### What to produce
All of the data below must be reproduced word for word, but without its images.

### Information provided
-----
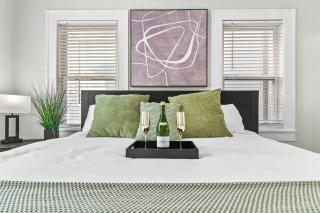 Montrose Getaway Condo Free Wine & Balcony - 2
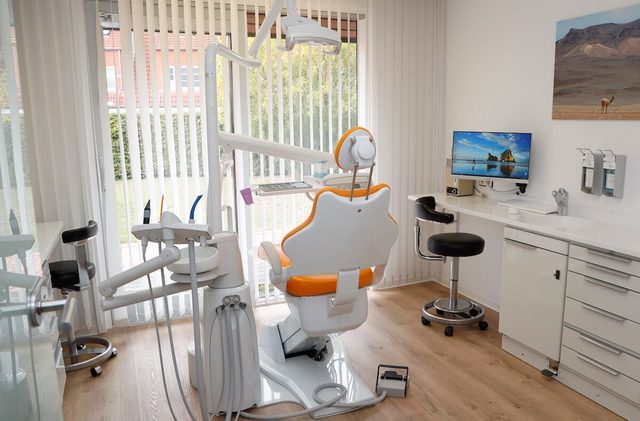 zahnahrtpraxis-hey-behandlungsraum-4 Zahnarztpraxis Dr. Sophia Hey und Karl Ludwig Hey GbR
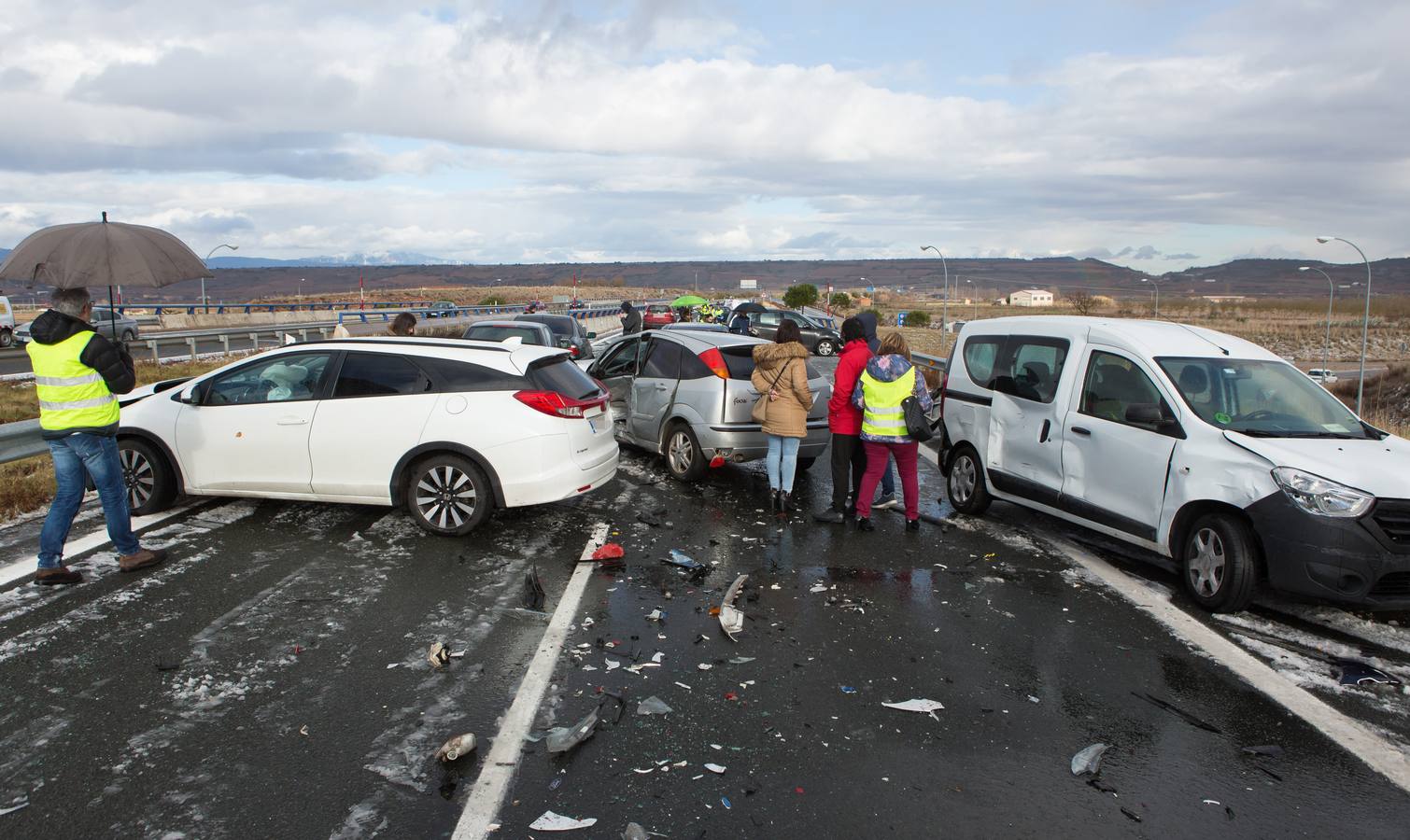 Una treintena de coches, afectados en un siniestro que dejó una veintena de heridos leves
-----
### Written reply
 Montrose Getaway Condo Free Wine & Balcony - 2
 zahnahrtpraxis-hey-behandlungsraum-4 Zahnarztpraxis Dr. Sophia Hey und Karl Ludwig Hey GbR
 Una treintena de coches, afectados en un siniestro que dejó una veintena de heridos leves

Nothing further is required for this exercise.